Thanks for your response
Pretty Palfrey


----------



## horseygall220 (Mar 13, 2007)

*I love Ferasins.*

Ferasin's are one of my two favorite breeds. My neighbor has a Ferasin and I rode her. She has a gental smooth canter and does very well in dressage. Please do get a picture of the baby on the sight if you get it i would love to see it.


----------



## sparky (Dec 14, 2006)

what an interesting cross. I think that would be a beautiful cross breed to own. Does it have the fresian or the QH looks?


----------



## prettypalfrey (Mar 12, 2007)

They can look like either but I prefer them to be pure black with a height in betwenn that of both breeds. I ride western so I like alot of muscle in the hind end so hopefully a big bum.


----------



## LDS (Mar 29, 2007)

I have had several friesian QH crosses and love them. Here's one we used for mounted shooting.
We stand Hendrik the Magician, Friesian stallion, and breed several QH mares, among others.
I love the cross.


----------



## hsharp123 (Mar 22, 2007)

One word for that horse! stunning!!! I have never even heard of that cross but its delightful- go for it!

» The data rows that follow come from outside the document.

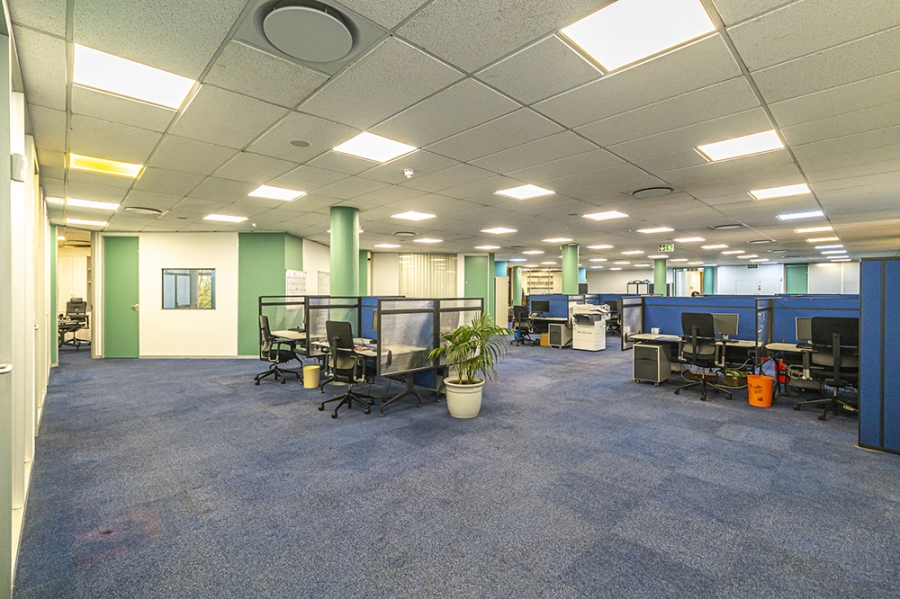 To Let Commercial Property for Rent in Randjespark Gauteng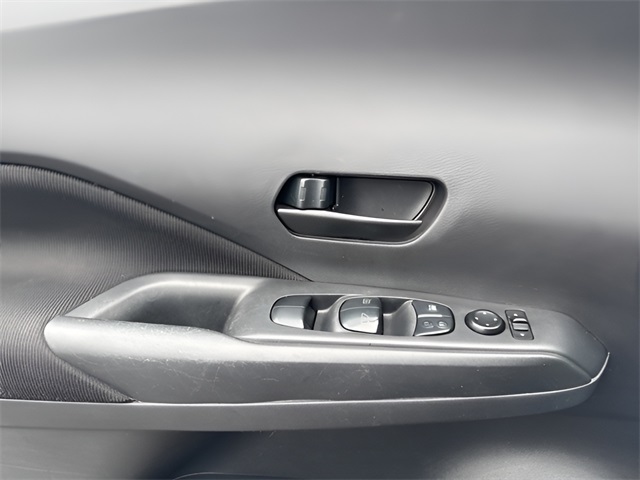 2021 Nissan Kicks S photo 20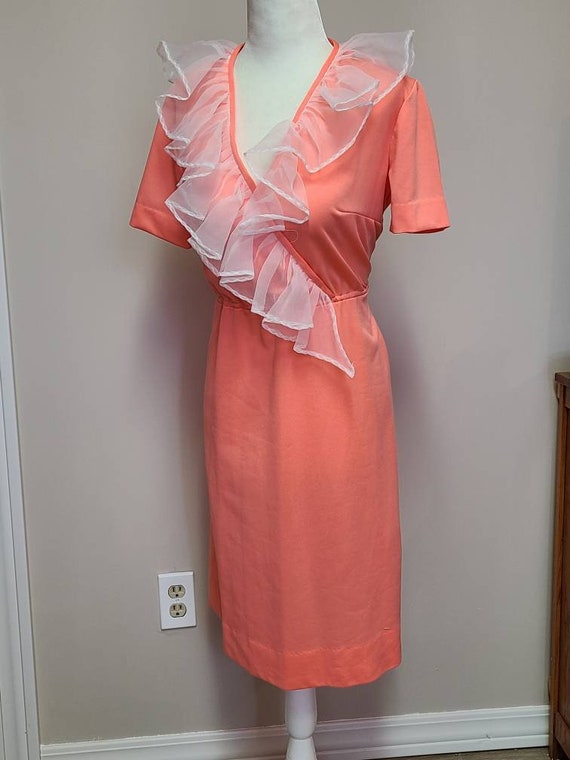 Size Large/ Vintage dress, 1960s dress, coral, neo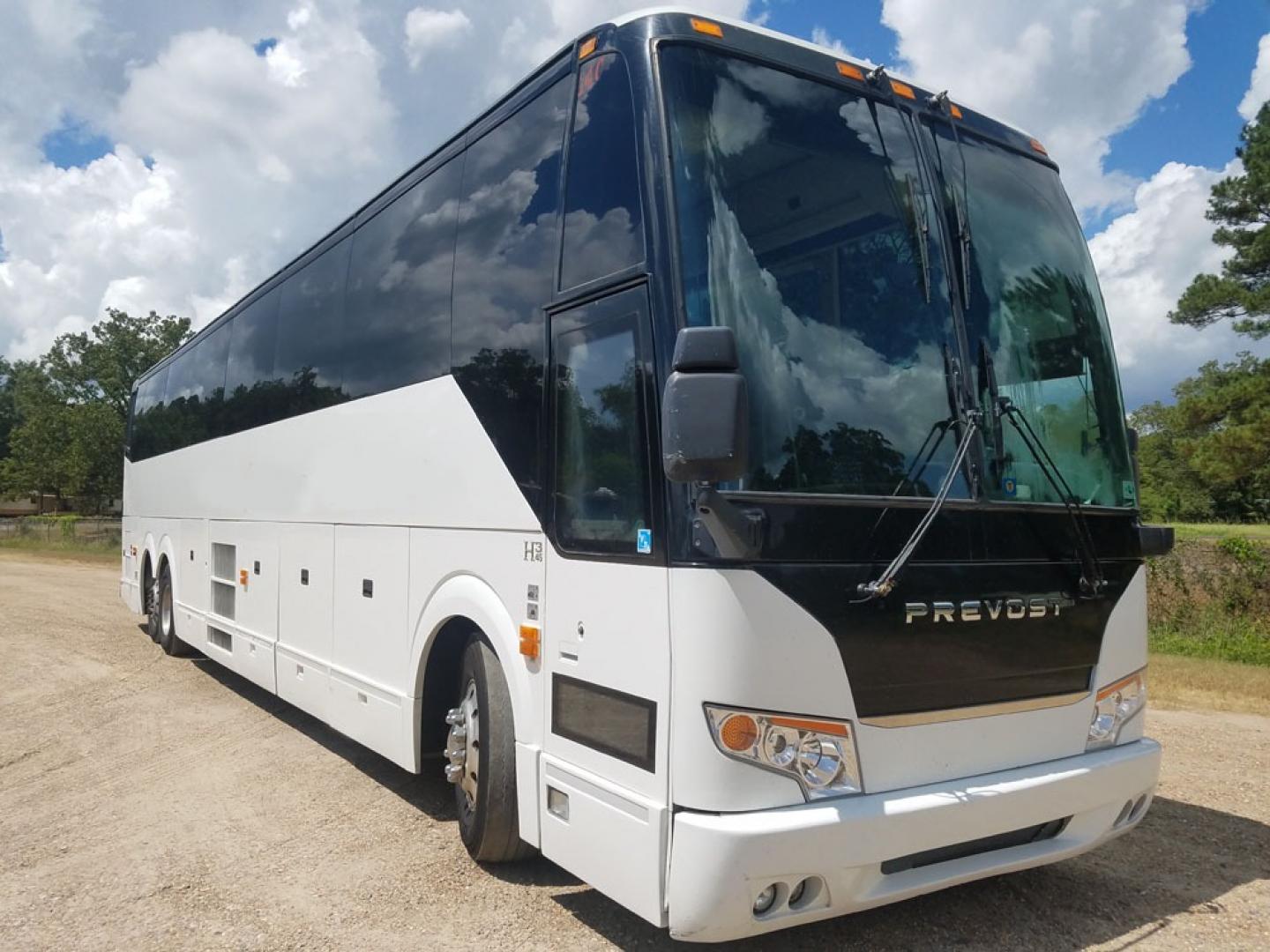 2012 Prevost HS-45 with an VOLVO d-13 engine, Allison transmission, located at 1725 US-68 N, Bellefontaine, OH, 43311, (937) 592-5466, 40.387783, -83.752388 - 2012 Prevost H3-45 – Volvo D-13 Diesel Engine - Allison B-500 Transmission - 45' - 56 Passengers - Alloy Wheels - Enclosed Parcel Racks - Monitors and DVD – Satellite - 110V Outlets - Photo#0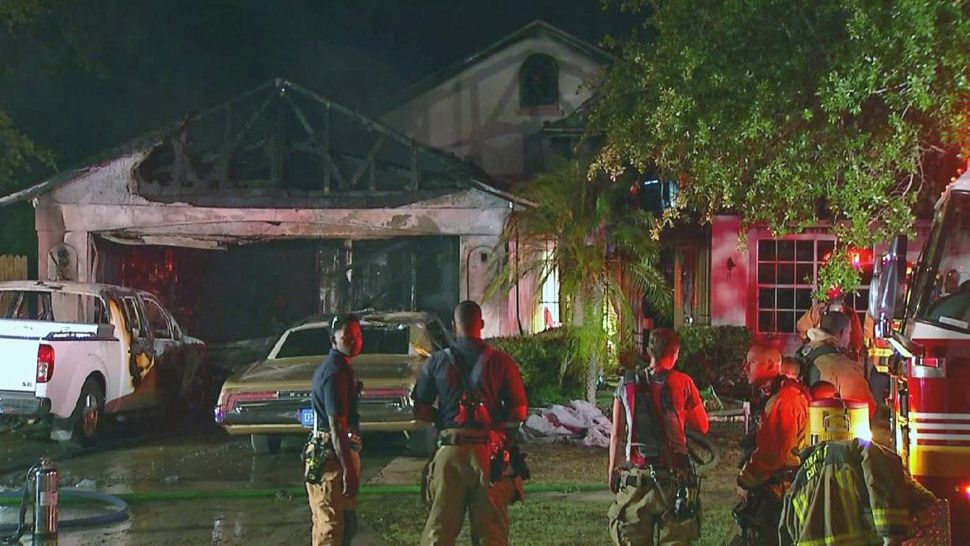 No one was hurt in a house fire on Lake Douglas Place in Orlando on Wednesday, April 18, 2018. (Spectrum News staff)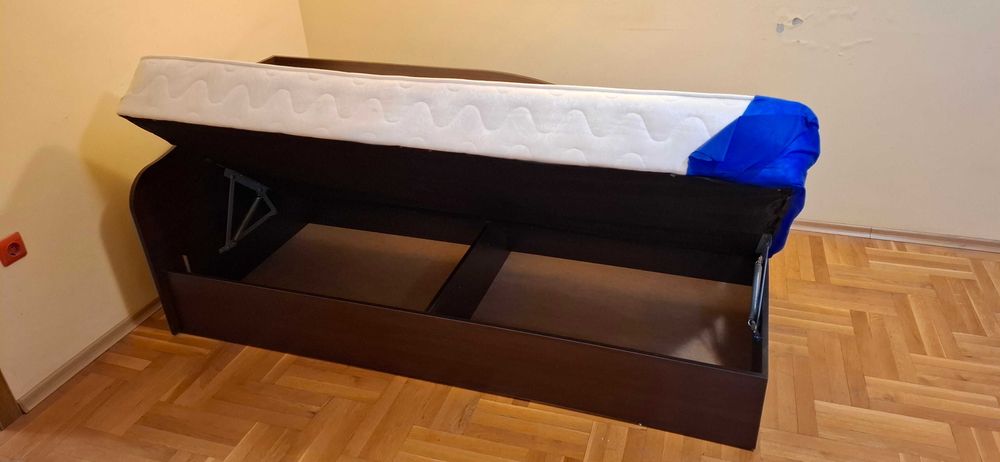 Продавам ъглово легло с ракла и механизъм + матрак 82/190 см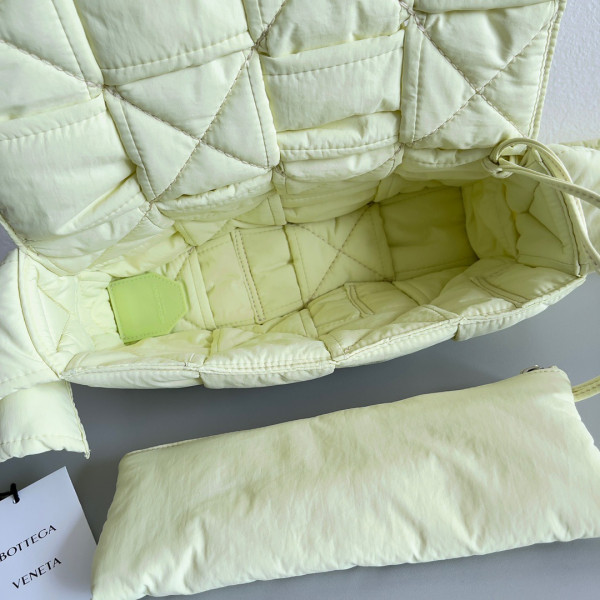 bo*te*ga Ve*ne*ta padded tech cassette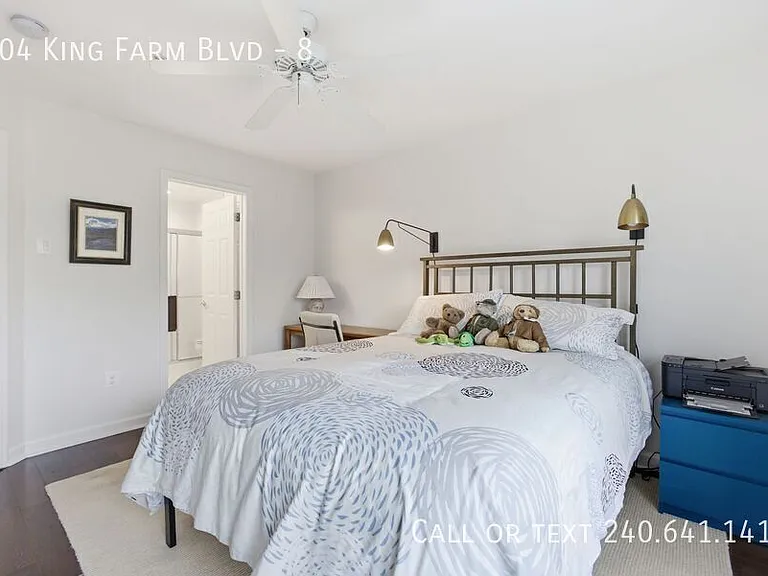404 King Farm Blvd #8 — Photo 13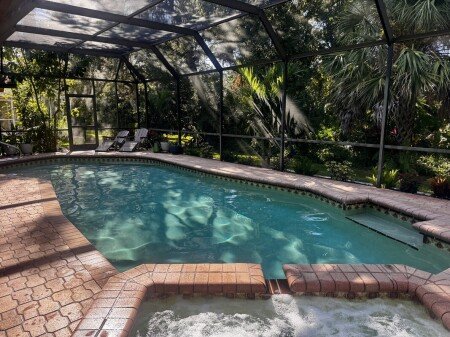 Room 1 guest, with pool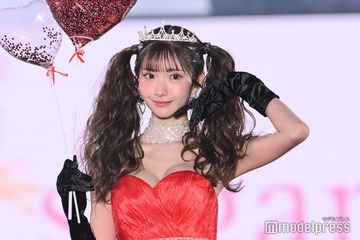 北新地No.1キャバ嬢ひめか、溢れる美バストに釘付け SEXYドレスでド派手に登場＜関西コレクション 2023 S／S＞ 画像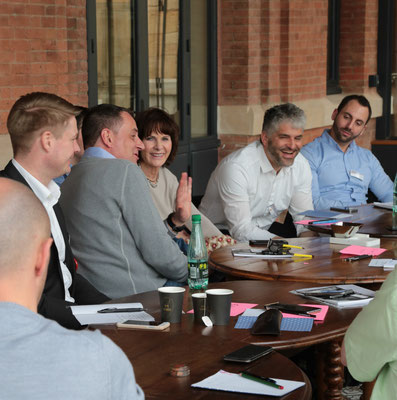 Presentations and round table discussions on compaction simulators in R&D | © MEDELPHARM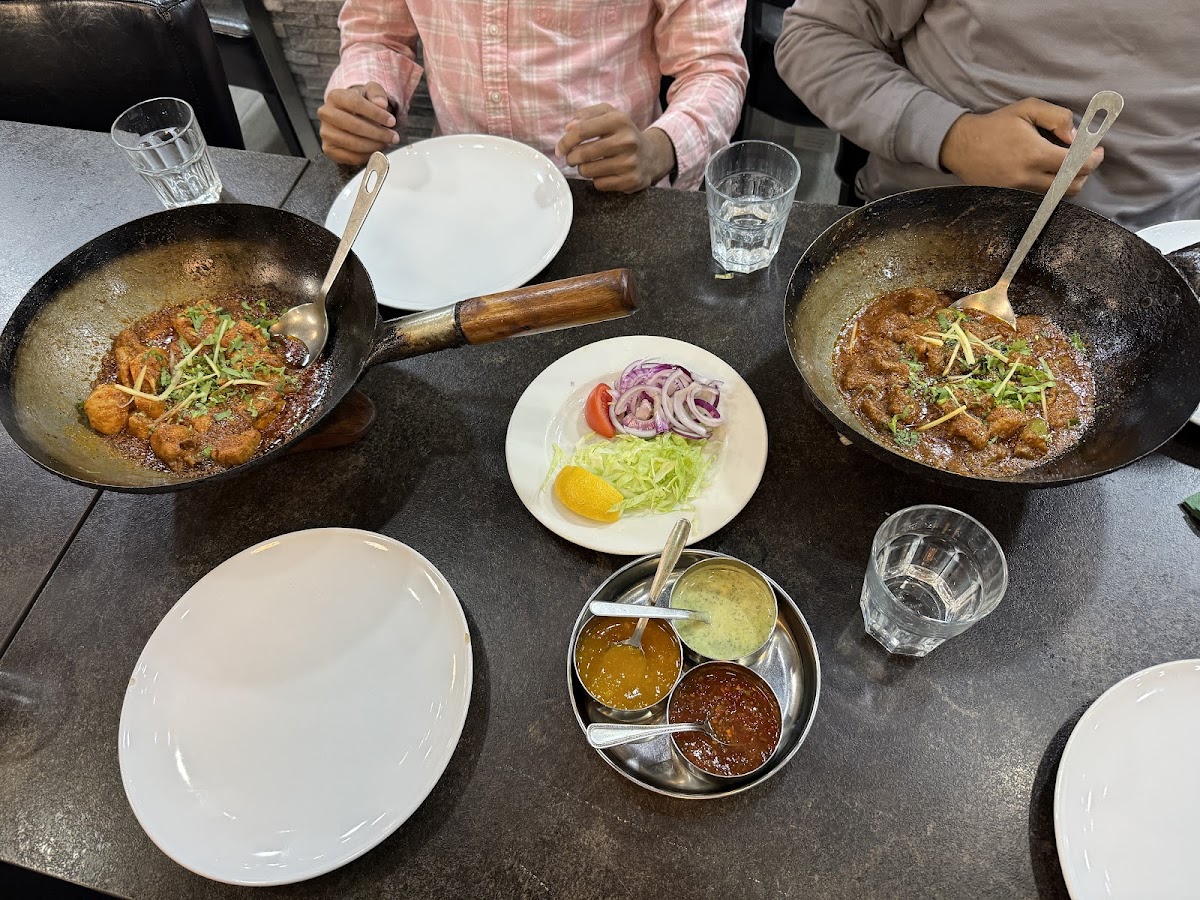 New Desi Dera - Photo 7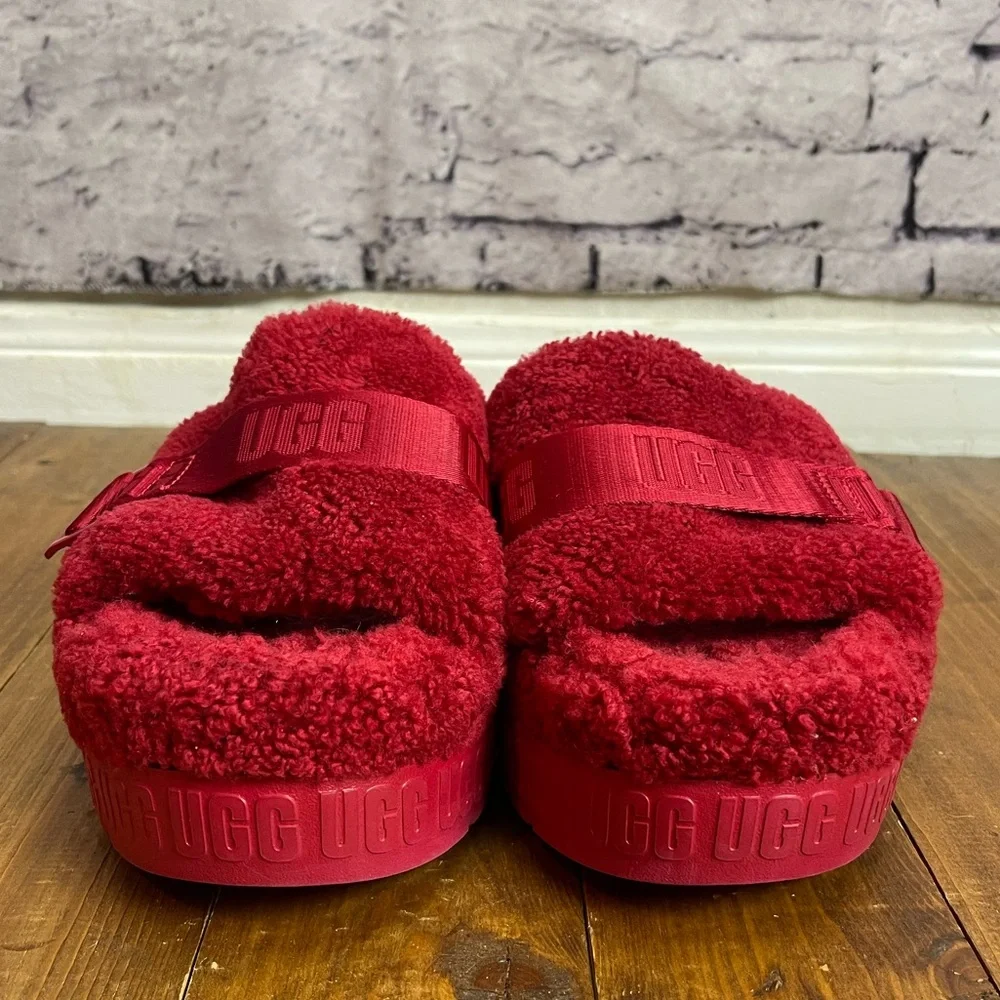 Ugg size 9 Fluffita red fuzzy platform slides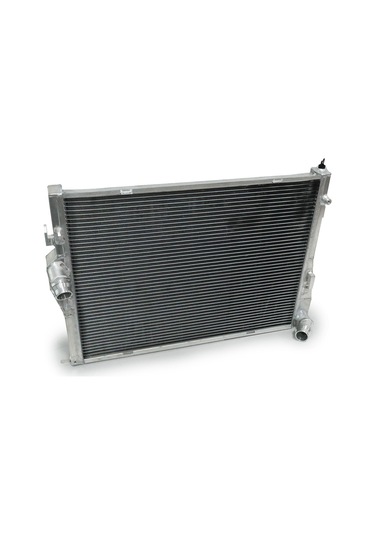 R2p Bmw E92 M3 Performans Radyatör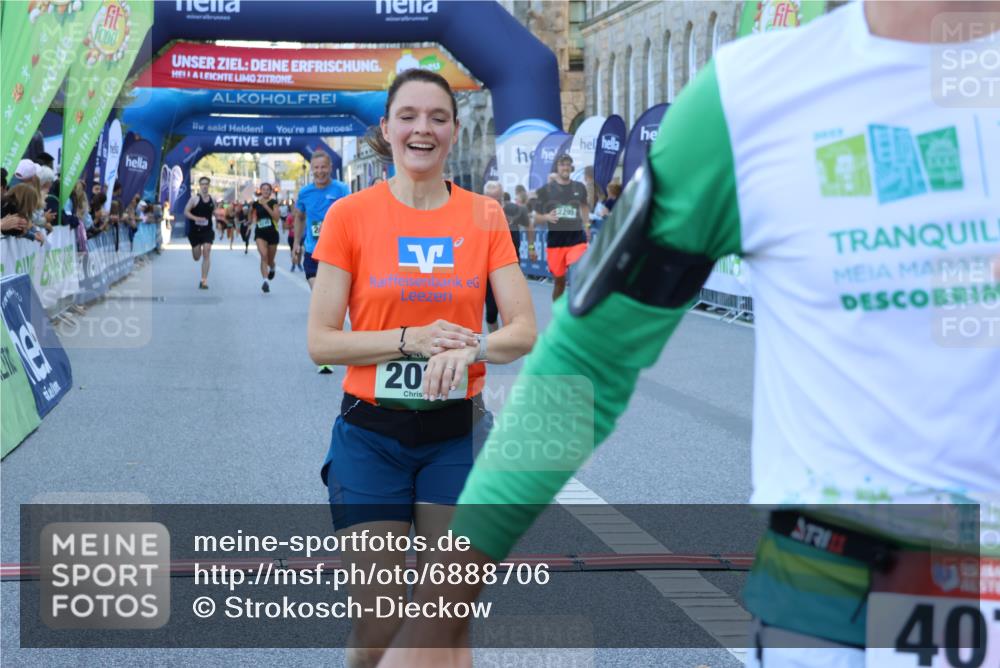 01.09.2024 - BARMER Alsterlauf Strokosch-Dieckow http://msf.ph/oto/6888706 01.09.2024 09:52:47 Ziel 2036, 2291, 2295, 2353, 2712, 2862, 2931, 3377, 3526, 3716, 4077, 4203, 4330, 5074, 5240, 8021 meine-sportfotos.de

Pics of the baby if you can! Are they available in the UK do you think?


----------



## Ramble (Mar 29, 2007)

I googled them, and here's a pic of a stud that I found.


----------



## meggymoo (Mar 10, 2007)

Oh wow, I like him! :shock:


----------



## prettypalfrey (Mar 12, 2007)

ok LDS your horse is exactly what I would want in a horse. Unfortunately I thinkI might be breeding my mare now to get a Quarter horse. Its just cheaper and the Stud is well know.  
I suppose I will have my dream horse someday. I suppose I could sell the baby after I train it and then buy a Quariesian


----------